**What you should do:** Copy nothing but the lines from the line with "Квадроцикл стелс Linhai" to the end of the records, retyped exactly. Pictures stay out.

(Short web captions)
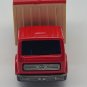 Vintage Matchbox Superfast Lesney #42 Mercedes Container Truck Sea Land Box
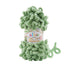 Alize Puffy 299 Sauge – fil à boucles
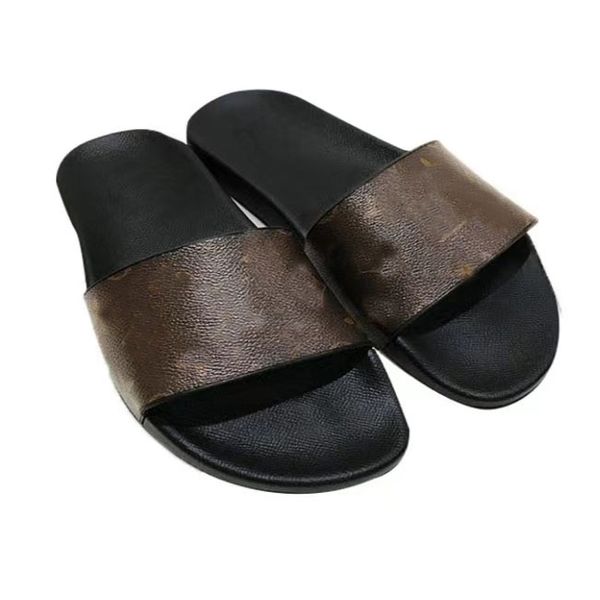 Diseñador Womem Hombres Sandalias de felpa Slide chlee Zapatillas botas calentadas Mujeres Australia Zapatillas de playa Zapatos de lona de diseñador Blanco Negro Vela Woody Mulas corredor de espuma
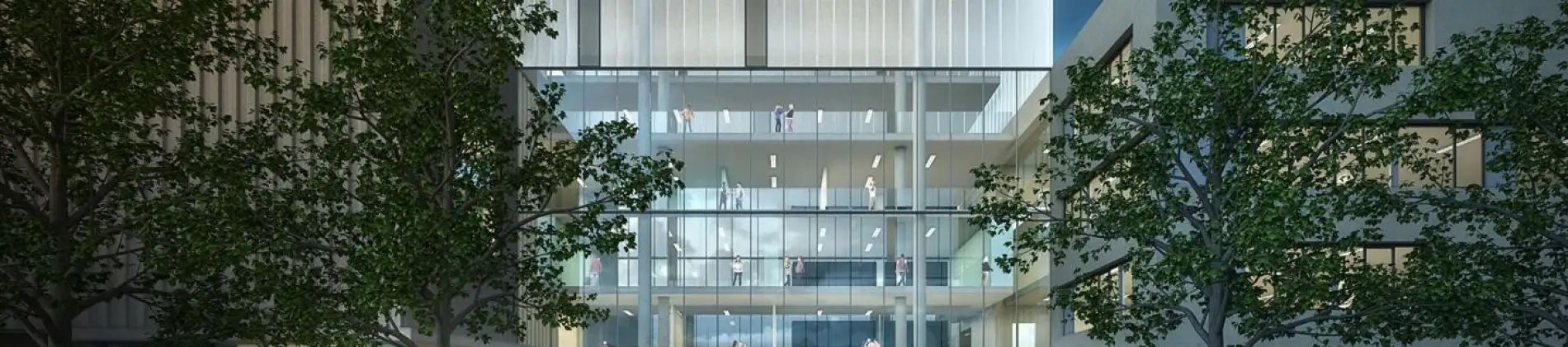 معهد دبلن للتكنولوجيا في أيرلندا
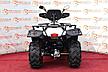 Квадроцикл стелс Linhai 300 ATV-3D 44, фото 4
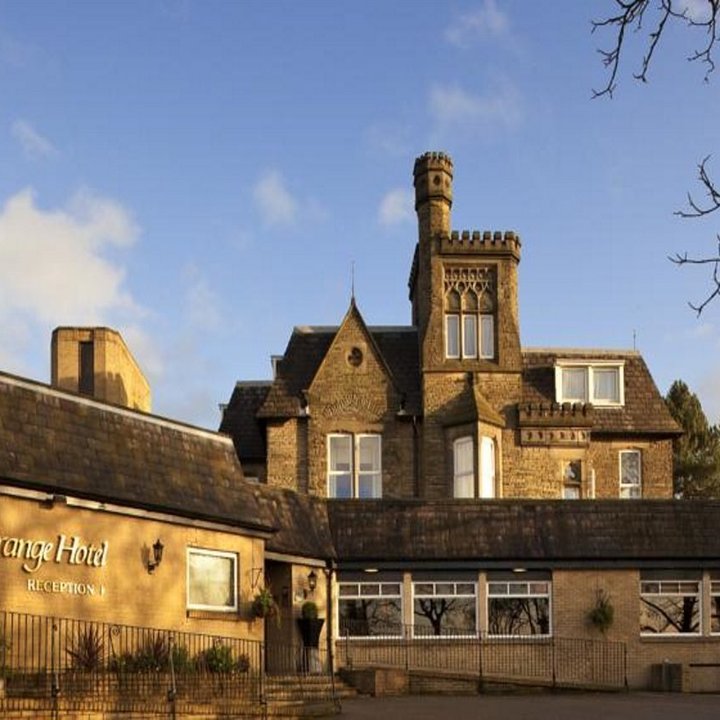 Mercure Manchester Norton Grange Hotel & Spa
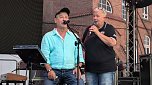 Nachlese zum Altstadtfest (Foto: Norbert Rumpf)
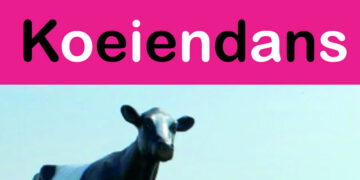 Koeiendans
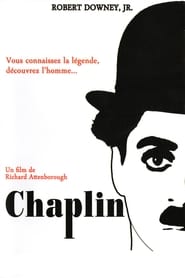 Chaplin 1993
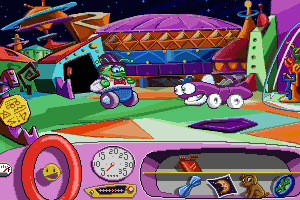 Putt-Putt Goes to the Moon 15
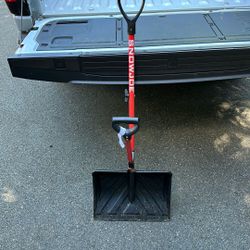 Snow Shovel 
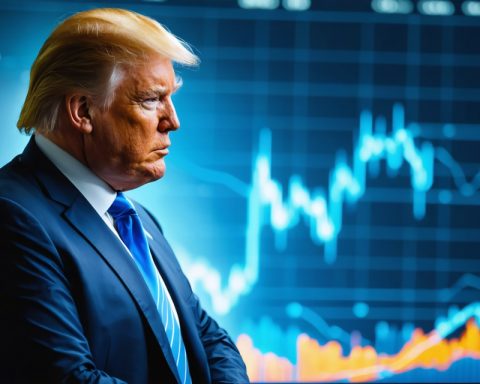 Trump’s Bold Crypto Move Ignites Market Frenzy and Sets Stage for Greater Heights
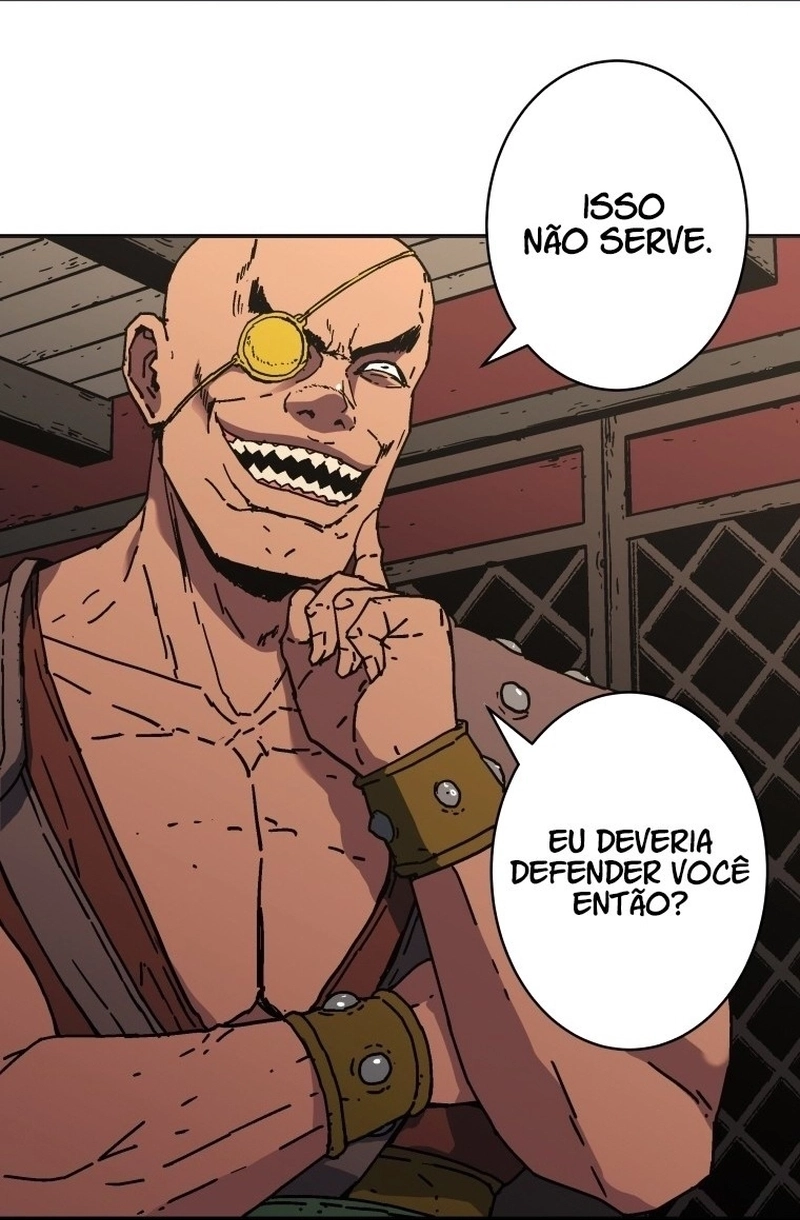 Pai Incomparável Capítulo 183 Página 10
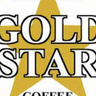 Gold Star Coffee Logo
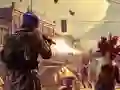 Játék The Last stand online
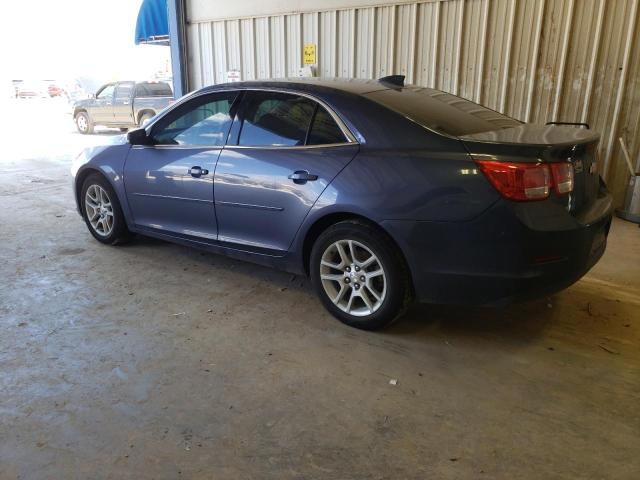 1G11C5SL3FF330343 - 2015 CHEVROLET MALIBU 1LT 灰色 照片 2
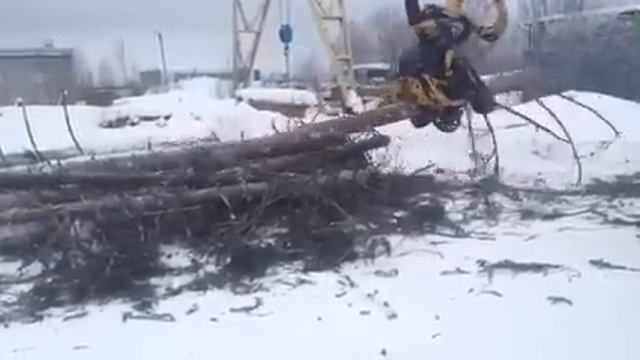 Харвестер №1 смотреть онлайн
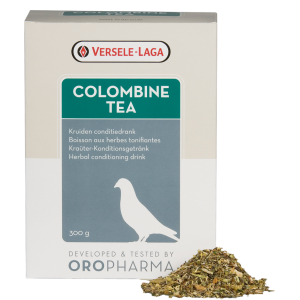 COLOMBINE TEA - 300 Gr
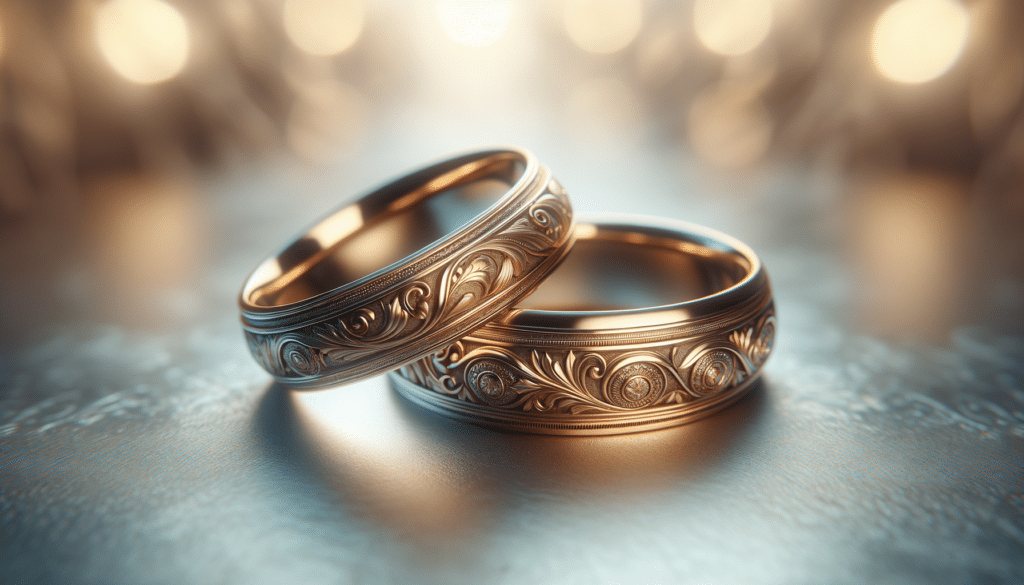 Wedding Rings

**Result of this task:**
 Квадроцикл стелс Linhai 300 ATV-3D 44, фото 4
 Mercure Manchester Norton Grange Hotel & Spa
 Nachlese zum Altstadtfest (Foto: Norbert Rumpf)
 Koeiendans
 Chaplin 1993
 Putt-Putt Goes to the Moon 15
 Snow Shovel 
 Trump’s Bold Crypto Move Ignites Market Frenzy and Sets Stage for Greater Heights
 Pai Incomparável Capítulo 183 Página 10
 Gold Star Coffee Logo
 Játék The Last stand online
 1G11C5SL3FF330343 - 2015 CHEVROLET MALIBU 1LT 灰色 照片 2
 Харвестер №1 смотреть онлайн
 COLOMBINE TEA - 300 Gr
 Wedding Rings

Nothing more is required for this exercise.